02-21-2006, 12:27 PM

It would be productive to do that, but how many people who want to make their own applicatoin with their own icon would get annoyed by the fact that there is going to be a badge over it?

02-21-2006, 12:49 PM

Quote:

Originally Posted by Badger

The code activates and runs in the Terminal; it does not run in Safari. Deselecting the open safe files option does not prevent downloading the malicious file; it only prevents it from being automatically opened. And it does not stop Mail or other programs from opening the file. You can prevent the code from running by simply renaming the Terminal to something else like myTerminal.
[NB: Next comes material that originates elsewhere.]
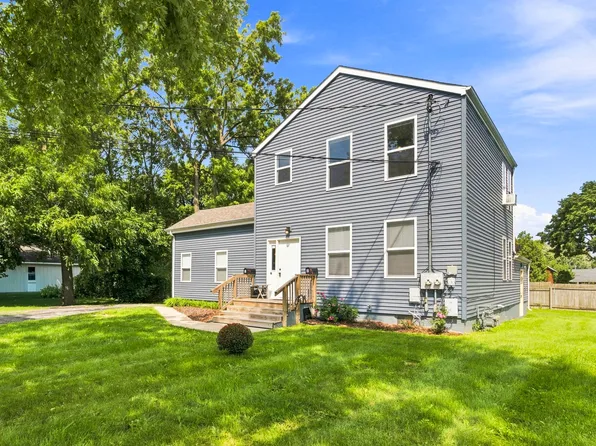 326 Railroad St #2, Woodstock, IL 60098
Macintouch has posted a link to a non-harmful example to test your system.

Interesting, I had read that renaming these apps could break other things...?

02-21-2006, 01:09 PM

Quote:

Originally Posted by JunMacTech

Interesting, I had read that renaming these apps could break other things...?

Ok, here is what I did.

Renamed /applications/utilities/Terminal.app
to _Terminal.app

Create a workflow containing:
Ask for Confirmation
Launch Application

In the Ask for Confirmation, say something like Are you sure you wish to launch the Terminal? Give the security reasons why.

Launch application - > Point to _Terminal.app

Save the workflow as an application called Terminal.app in /applications/utilities

Now whenever /applications/utilities/Terminal.app is called, it will request your permission.